Devices will become more and more invisible and integrated into clothing of the user or worn by the user. While mobile applications still require a form of active use, future devices will provide a different kind of supporting functionality. To achieve this goal, the mobile interface paradigm has to be generalized into something different to mechanisms for information display and user input as used so far. For a wearable application interface the use of implicit information sources will be a central design aspect where the user’s needs are anticipated and only a minimum of explicit input is required.

Before diving deeper into the topic, a short definition and history of wearable computing is needed to understand how the user interaction in this field demands changes to the traditional concept of assessing a user interface (UI).

Wearable computing describes body worn computing devices that provide useful information relevant to a physical real world task. Unlike mobile devices, the focus is on the task and the device should not unnecessarily distract from it. To fulfill this expectation the wearable device cannot depend on direct interaction with the wearer but needs to process information from the environment to infer the next helpful action to be taken. This relevant information is the context of a wearable computing application. There are many sources for contextual information: One can use sensors that measure physical properties like location, lighting conditions, the presence of digital markers to name a few. Other possibilities are known aspects of the work-flow and the resulting mental model of the user to take pro-active actions, software generated information from databases, current time, simulations, or implicit interaction by analyzing the actions of the wearer or co-workers.

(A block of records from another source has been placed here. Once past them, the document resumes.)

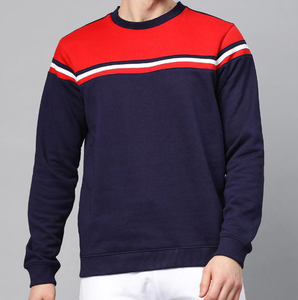 Venta al por mayor de camisetas de gimnasio de manga larga para mujer, sudadera de algodón con diseño de logotipo personalizado con Sudadera con capucha de talla grande polar para ejercicio de invierno - Product Image 6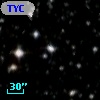 TYC 8283-475-1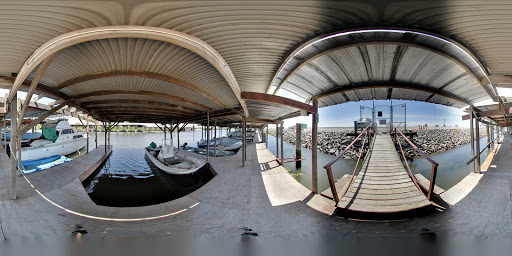Marina «Bullfrog Marina», reviews and photos, 17251 Bacon Island Rd, Stockton, CA 95219, USA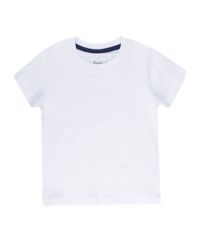 Camiseta-em-Algodao---Sustentavel-Branca-7976734-Branco_1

The first wearable computing system, built with the intention of supporting a real world task, can be found in the experiments on Roulette wheel prediction by Thorp (Thorp, 1998) as early as 1955. While the core idea is quite simple, it shows some general needs of wearable applications. To predict the outcome of Roulette wheels, a shoe-integrated computer was used where timing information about the current game was input with the toes. The result of the computation was transmitted to another device1 worn by a (potentially different) person and mediated by audible signals. Analyzing the needed information here can be quickly done. The computer system needs timing information that is abstracted by keeping track of the time when a button is pressed. The transmitted result is a single symbol that either specifies where to place the bet or not to bet at all. While the setup in this early experiment is technically very direct, it can be logically abstracted. On the one side is an action from the user such as pressing a button that is not used directly as a means of control but indirectly used to setup a timespan, very similar to the control scheme of a stop watch. On the other side, an abstract output symbol is computed that needs to be conveyed to the wearer. While this example is very simple, it shows one important property. Neither the actual physical source of the input, nor the actual physical representation of the output are important for the application and can be replaced by other means. This has actually been done with the Eudaemons' shoe (The Eudaemons' Shoe, 1998), a project directly related to the work of Thorp. In this project, instead of an audio output, a tactile feedback device was used to convey the computed symbol to the wearer.